Elle savait que si les Dieux n’acceptaient pas cette offrande, ils viendraient choisir quelque chose de plus précieux. Et malgré toute la rancœur dont elle était capable, et malgré le peu d’amour qu’elle manifestait pour ses congénères, elle ne pouvait pas laisser la vie être prise de manière aussi désinvolte par un jeune fauve un peu trop cupide. Saisissant son athamé, elle s’ouvrit généreusement la main et laissa couler sa vie dans son chaudron. De cette manière, elle incorporait au rituel sa propre prière, celle de protéger l’homme qui pourtant la dévisageait toujours avait autant de mépris. Un frisson la parcourut alors. Qu’allait-il advenir de Renard si elle le privait de sa chance ? Elle n’avait plus qu’à espérer que cette offrande fût vraiment ce qu’il avait de plus précieux. Autrement, le prix serait payé directement à la source : lui-même.

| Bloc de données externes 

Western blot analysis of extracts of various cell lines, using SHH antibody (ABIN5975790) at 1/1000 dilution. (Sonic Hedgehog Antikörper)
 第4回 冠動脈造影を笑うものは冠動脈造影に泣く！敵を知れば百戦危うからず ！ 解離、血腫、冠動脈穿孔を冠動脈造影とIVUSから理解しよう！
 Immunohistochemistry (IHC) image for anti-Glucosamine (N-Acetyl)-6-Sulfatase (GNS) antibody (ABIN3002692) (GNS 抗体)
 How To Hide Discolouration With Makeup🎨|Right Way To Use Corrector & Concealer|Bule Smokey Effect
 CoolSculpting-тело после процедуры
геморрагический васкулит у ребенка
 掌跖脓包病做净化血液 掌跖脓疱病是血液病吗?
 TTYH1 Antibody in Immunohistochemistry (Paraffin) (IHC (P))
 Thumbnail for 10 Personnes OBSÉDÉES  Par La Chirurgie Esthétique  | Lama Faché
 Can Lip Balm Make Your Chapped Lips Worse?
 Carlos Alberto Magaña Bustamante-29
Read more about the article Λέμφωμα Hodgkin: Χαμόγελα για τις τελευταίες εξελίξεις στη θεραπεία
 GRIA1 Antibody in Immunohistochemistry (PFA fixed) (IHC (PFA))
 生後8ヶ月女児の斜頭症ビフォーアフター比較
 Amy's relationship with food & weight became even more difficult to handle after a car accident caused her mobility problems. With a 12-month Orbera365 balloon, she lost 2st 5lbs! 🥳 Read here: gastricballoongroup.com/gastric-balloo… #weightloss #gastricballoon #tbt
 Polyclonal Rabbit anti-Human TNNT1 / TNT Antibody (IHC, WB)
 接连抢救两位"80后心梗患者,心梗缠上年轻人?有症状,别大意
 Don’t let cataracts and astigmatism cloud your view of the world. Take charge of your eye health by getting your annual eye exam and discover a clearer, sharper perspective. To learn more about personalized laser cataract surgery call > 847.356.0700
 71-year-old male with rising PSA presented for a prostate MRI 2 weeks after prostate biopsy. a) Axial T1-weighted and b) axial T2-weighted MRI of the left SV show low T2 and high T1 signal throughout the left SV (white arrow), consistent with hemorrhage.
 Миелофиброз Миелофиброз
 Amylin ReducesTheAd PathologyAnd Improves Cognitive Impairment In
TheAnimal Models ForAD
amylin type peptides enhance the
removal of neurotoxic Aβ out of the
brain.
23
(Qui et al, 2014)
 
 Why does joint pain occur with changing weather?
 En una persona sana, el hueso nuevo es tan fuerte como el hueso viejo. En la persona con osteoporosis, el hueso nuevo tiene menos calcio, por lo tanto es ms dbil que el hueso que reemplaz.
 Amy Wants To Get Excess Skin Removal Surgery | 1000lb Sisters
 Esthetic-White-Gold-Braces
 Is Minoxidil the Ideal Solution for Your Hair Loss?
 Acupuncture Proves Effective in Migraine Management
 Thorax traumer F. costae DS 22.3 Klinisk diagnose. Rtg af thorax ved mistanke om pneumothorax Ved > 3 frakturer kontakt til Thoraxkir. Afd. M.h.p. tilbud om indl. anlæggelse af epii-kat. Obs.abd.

« La bête est en laisse ? » lâcha-t-elle avec dédain, tandis qu’elle se détachait de toute cette histoire pour ne pas influencer le rituel. La pique sembla faire vibrer quelque chose chez Renard. De la colère peut-être ? Tant mieux, il changerait plus rapidement. Elle ferma les yeux pour ressentir l’énergie de la lune tant bien que mal, car celle-ci lui était cachée. Elle sourit en ressentant l’apogée qui se rapprochait.
« Trois… Deux… Un… » et un hurlement. Rougeagresse réagit alors immédiatement, soulevant un couvercle qui laissa s’échapper une épaisse fumée à l’odeur acidulée. De son autre main, celle qui n’était pas écorchée, elle prit une poudre sur laquelle elle souffla de toutes ses forces. Le Loup allait perdre de ses forces, de cette façon. Il était temps d’agir sur le Changement et de Purifier le martyr par l’eau et l’air. D’une voix forte et sûre, elle implora les Déesses Arianrhod et Latis, qu’elle affectionnait particulièrement. Par ailleurs, il s’agissait de Déesses, dont la féminité faisait écho à la Déesse Lune qu’elle n’osait implorer directement.
Le feu ne tarda pas à dévorer l’offrande, et un coup d’œil dans la direction de l’ami du Renard indiqua qu’il allait bien, bien que très anxieux. Les langues s’enchaînèrent, de même que les prières, et les ondes de choc tout autour d’eux, symbolisant le combat que menait Sakristi, de la même manière que Renard, lui aussi luttait contre lui-même. Elle ne sût estimer combien de temps tout ceci dura, mais une fois toute l’offrande consumée, Renard s’écroula, vidé, mais surtout sous la même forme qu’elle lui avait toujours connue. Pourtant, la Lune trônait encore fièrement au-dessus d’eux, même cachée par l’épais plafond. « Nous avons réussi. » lança-t-elle, avant de sombrer, elle aussi, en direction du sol, consciente, mais incapable de tenir davantage sur ses jambes.